I loved her for her mind and for her beauty. And for her womb, admittedly.

Let’s be honest here.

Brutally honest.

I also loved her for her beautiful, creative, harbouring womb, which would be the birth of me.

But I never cared about her money. Not in the least. I am not a materialist.

Don’t misunderstand. I am not a half-baked spiritualist with no regard for the material realities of existence, God forbid, but neither am I a materialist.

As in all things, I strike a balance.

Searching Susan’s accounting records, I discovered

that the car Fritz Arling drove was owned by Susan.

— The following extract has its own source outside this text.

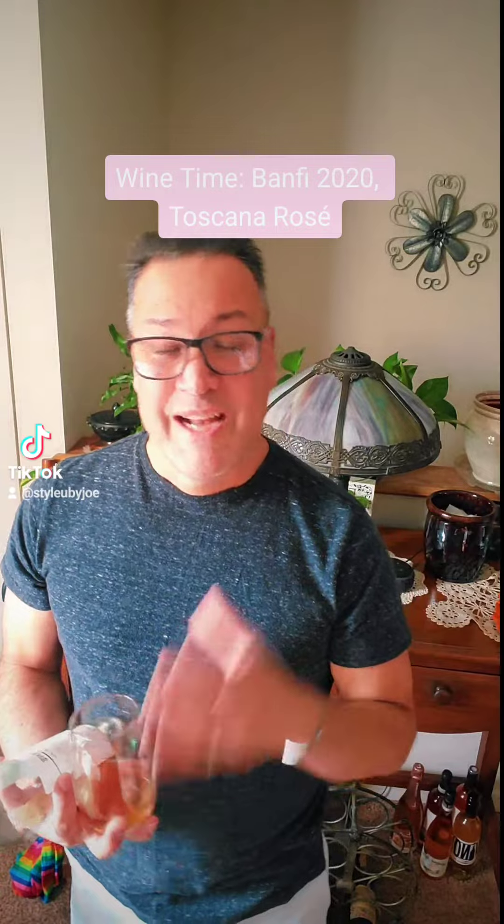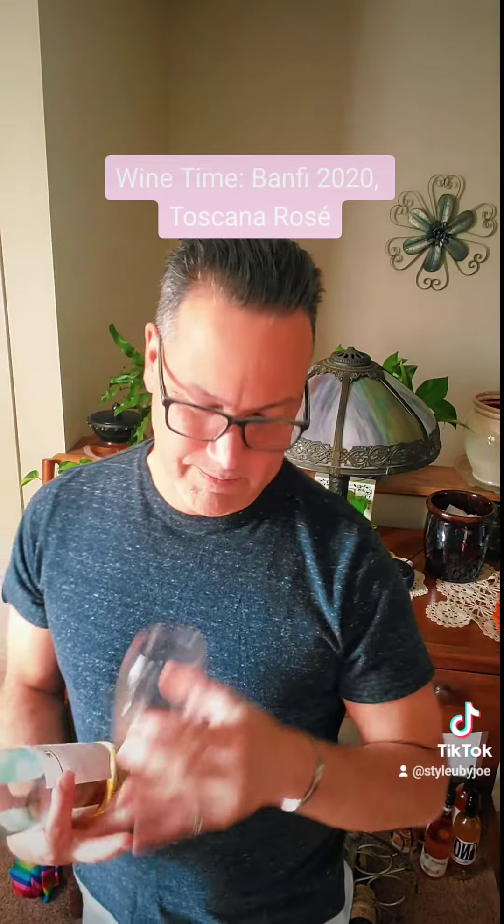The taste of it is summer again — watermelon, strawberries, cherries. The finish of this is bright, it is crisp, it is refreshing, and it gives you kind of a little bit of a tingle.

It was provided to him as a fringe benefit.

‘Yes, of course,’ I said in Susan’s voice, with impeccable timbre and inflection, ‘the car.’

I suppose I was a second or two late with my response.

Hesitation can be incriminating.

Yet I still believed that my lapse must seem like nothing more than the fuzzy reply of a woman distracted by a long list of personal problems.

Mr. Dustin Hoffman, the immortal actor, effectively portrayed a woman in Tootsie, more believably than Mr. Gene Hackman and Mr. Tom Hanks, and I do not say that my impersonation of Susan on the intercom was in any way comparable with Mr. Hoffman’s award-winning performance, but I was pretty damn good.

‘Unfortunately,’ I said as Susan, ‘you’ve come around at an inconvenient time. My fault, not yours, Fritz. I should have known you would come. But it is inconvenient, and I’m afraid I can’t see you right now.’

‘Oh, no need to see me, Mrs. Harris.’ He held up the valise. ‘I’ll leave the keys and credit cards in the Honda, right there in the driveway.’

I could see that this entire business his sudden dismissal, the dismissal of the entire staff, Susan’s reaction to his returning the car troubled him. He was not a stupid man, and he knew that something was wrong.

Let him be troubled. As long as he went away.

His sense of propriety and discretion should prevent him from acting upon his curiosity.